The program was based upon a handful of men mostly from America who had brought life sized dolls from an internet company. Creator of which stated he was ‘flattered his creations were able to fill such an emotional space in the lives of his customers, considering them to function like insoles do in shoes. For those guys incapable of talking to girls, “sex with a rubber doll [was apparently] better than never having sex at all”.

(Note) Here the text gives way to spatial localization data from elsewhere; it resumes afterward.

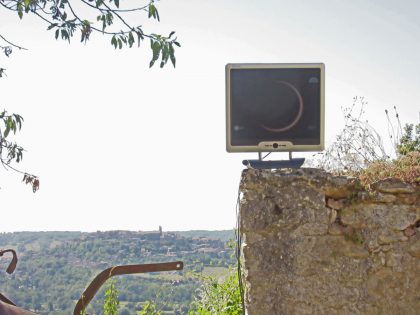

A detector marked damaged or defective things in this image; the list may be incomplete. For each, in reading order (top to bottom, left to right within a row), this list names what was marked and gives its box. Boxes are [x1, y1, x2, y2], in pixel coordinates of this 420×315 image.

rusty metal bar [72, 262, 184, 315]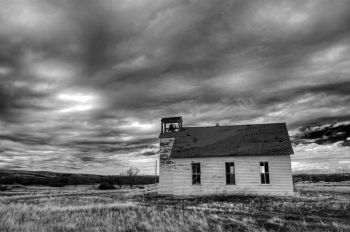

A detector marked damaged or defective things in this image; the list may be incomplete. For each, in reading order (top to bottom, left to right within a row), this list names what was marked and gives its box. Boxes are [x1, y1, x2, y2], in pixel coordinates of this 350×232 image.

broken siding [160, 156, 294, 196]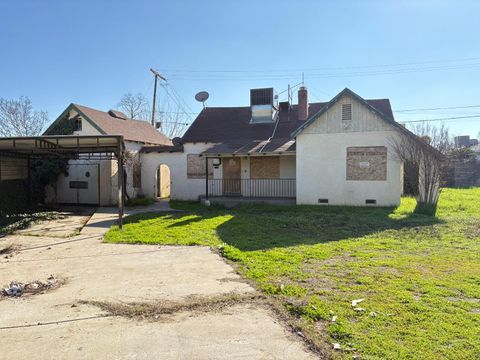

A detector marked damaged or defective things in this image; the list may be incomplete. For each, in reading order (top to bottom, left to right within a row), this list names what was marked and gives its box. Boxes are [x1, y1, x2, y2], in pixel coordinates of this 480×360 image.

cracked concrete [0, 207, 316, 358]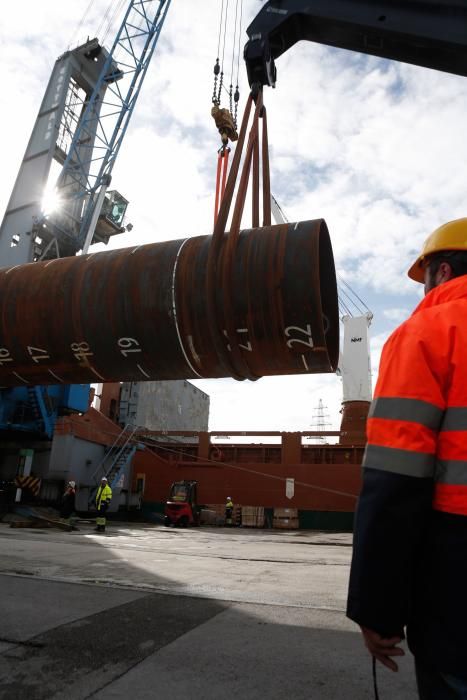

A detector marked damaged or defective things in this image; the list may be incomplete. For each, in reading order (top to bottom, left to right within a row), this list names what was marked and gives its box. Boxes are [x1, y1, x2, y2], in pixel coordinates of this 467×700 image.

rusty metal cylinder [0, 219, 338, 386]
large rusty steel pipe [0, 220, 338, 388]
rust streak on steel [0, 220, 340, 388]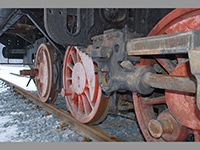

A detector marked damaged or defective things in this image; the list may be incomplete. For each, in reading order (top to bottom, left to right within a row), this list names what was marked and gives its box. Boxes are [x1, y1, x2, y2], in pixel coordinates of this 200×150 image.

rusted steel surface [127, 29, 200, 55]
rusty metal rod [143, 72, 196, 93]
rusted steel surface [143, 72, 196, 94]
rusted steel surface [0, 77, 121, 142]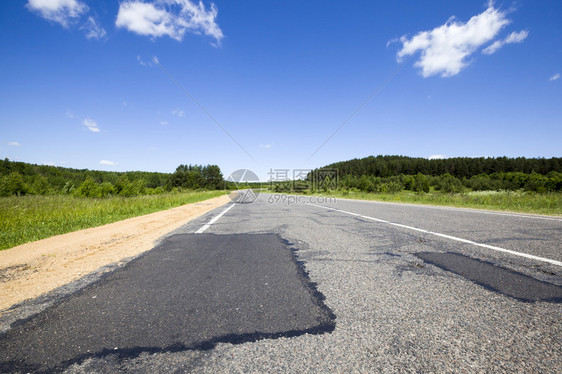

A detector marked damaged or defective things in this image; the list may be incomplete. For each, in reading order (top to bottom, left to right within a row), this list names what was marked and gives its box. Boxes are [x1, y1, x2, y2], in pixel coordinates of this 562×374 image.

dark asphalt patch [0, 234, 332, 372]
patched asphalt surface [1, 194, 560, 372]
dark asphalt patch [414, 250, 556, 302]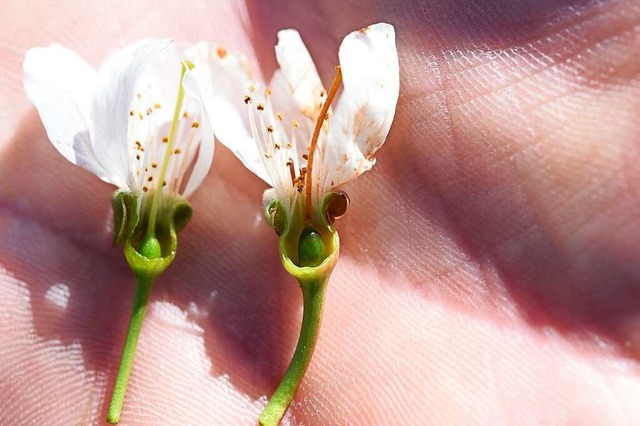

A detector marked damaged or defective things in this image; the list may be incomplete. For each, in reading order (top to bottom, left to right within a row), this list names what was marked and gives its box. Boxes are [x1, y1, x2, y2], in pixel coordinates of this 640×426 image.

frost-damaged blossom [24, 39, 215, 422]
frost-damaged blossom [182, 24, 398, 426]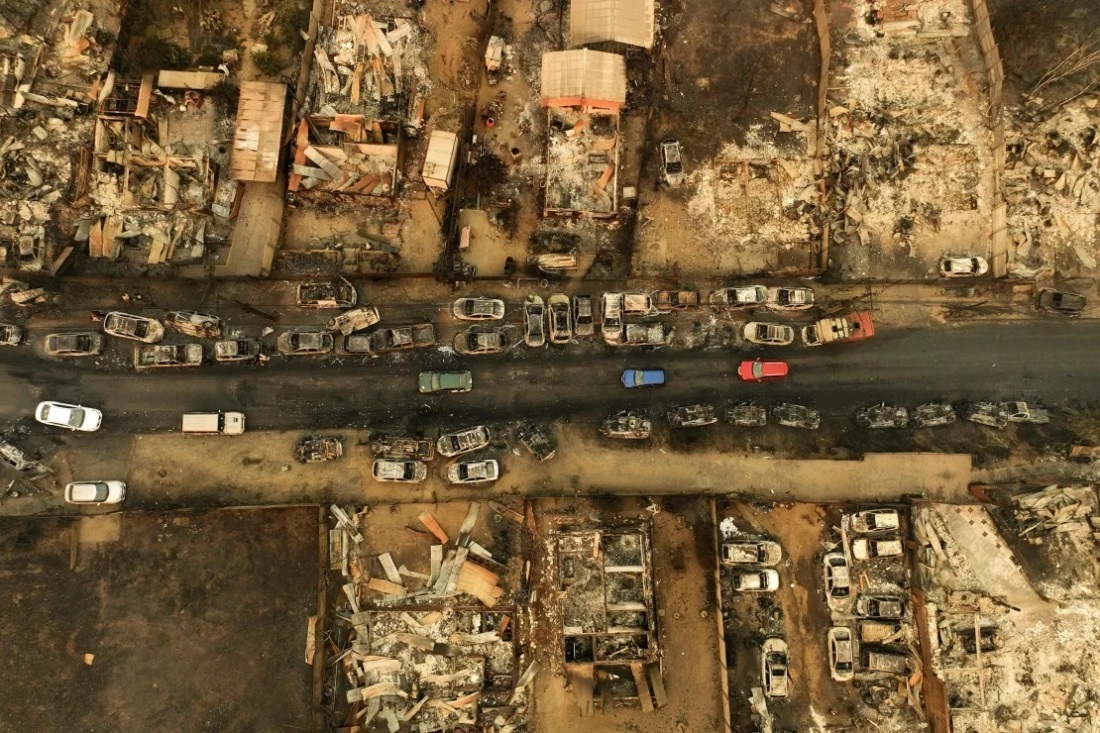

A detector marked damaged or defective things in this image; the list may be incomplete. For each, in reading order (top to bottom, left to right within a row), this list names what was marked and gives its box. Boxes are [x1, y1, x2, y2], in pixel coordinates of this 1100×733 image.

burned car [298, 276, 358, 308]
burned car [103, 310, 165, 342]
burned car [165, 312, 223, 340]
burned car [44, 332, 104, 358]
burned car [215, 338, 262, 360]
burned car [278, 330, 334, 356]
burned car [600, 408, 652, 438]
burned car [668, 404, 720, 426]
burned car [728, 404, 772, 426]
burned car [772, 404, 824, 432]
burned car [860, 404, 908, 426]
burned car [916, 404, 956, 426]
burned car [296, 434, 342, 464]
burned car [374, 432, 438, 460]
burned car [516, 420, 552, 460]
fire-damaged structure [556, 524, 668, 712]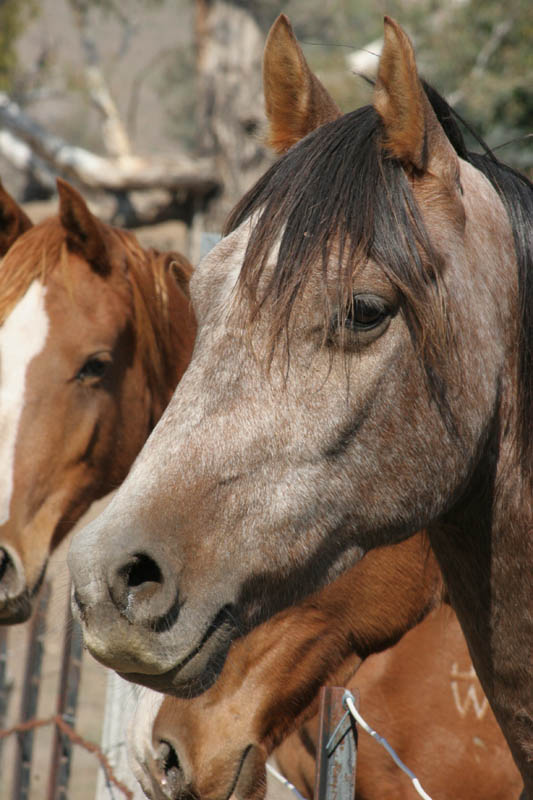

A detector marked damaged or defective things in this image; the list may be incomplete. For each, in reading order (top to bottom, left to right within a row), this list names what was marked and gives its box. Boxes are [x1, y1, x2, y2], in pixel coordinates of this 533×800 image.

rusty wire [0, 712, 133, 800]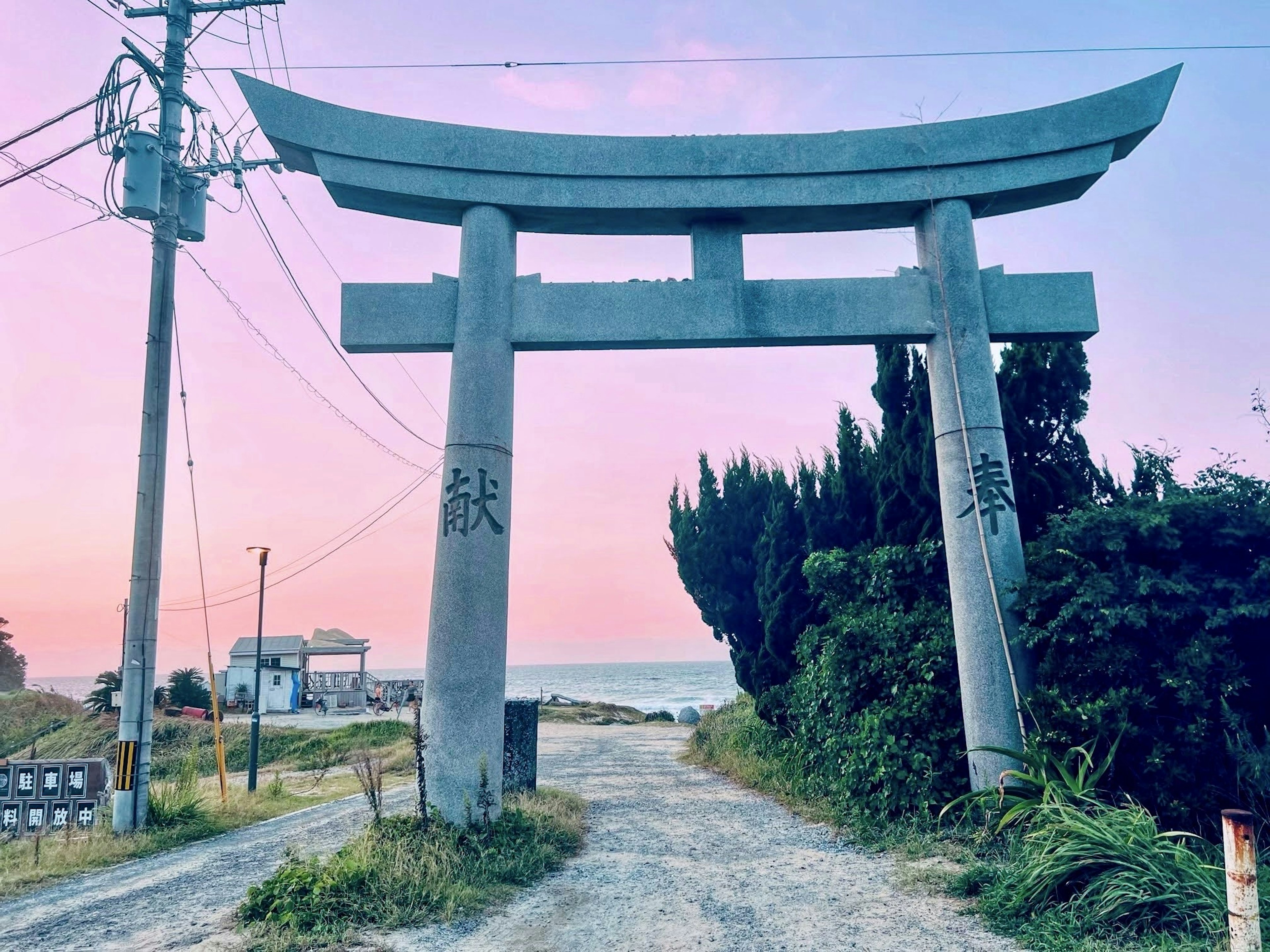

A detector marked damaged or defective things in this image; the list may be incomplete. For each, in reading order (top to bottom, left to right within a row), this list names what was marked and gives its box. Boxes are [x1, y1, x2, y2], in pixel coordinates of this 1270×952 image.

These dolls were scarily life like, specifically made to weigh and feel like a real women, there limbs could be shaped into any position so the dolls could sit, kneel or stand. The real fright however came when I saw actually how life like the dolls really were, they were physically perfect and epitomised that of the ideal curvaceous women, with extremely large and perfect breasts the dolls embodied that of the idolised female form. The issue that these men were using and abusing the dolls as sex slaves really sickened me. The fact that the men could buy the ideal, dress them in any manner of clothing put them in any position and then do what they wanted with them sexually, actually made me feel quite nauseous. The dolls were merely used as inanimate objects for sexual debauchery an issue which really made me wonder if this was the ideal woman males fantasised about. The men could do as they liked with these dolls whenever they pleased, the dolls were merely created to be looked upon and abused, harbouring no voice could these dolls be the women of the future?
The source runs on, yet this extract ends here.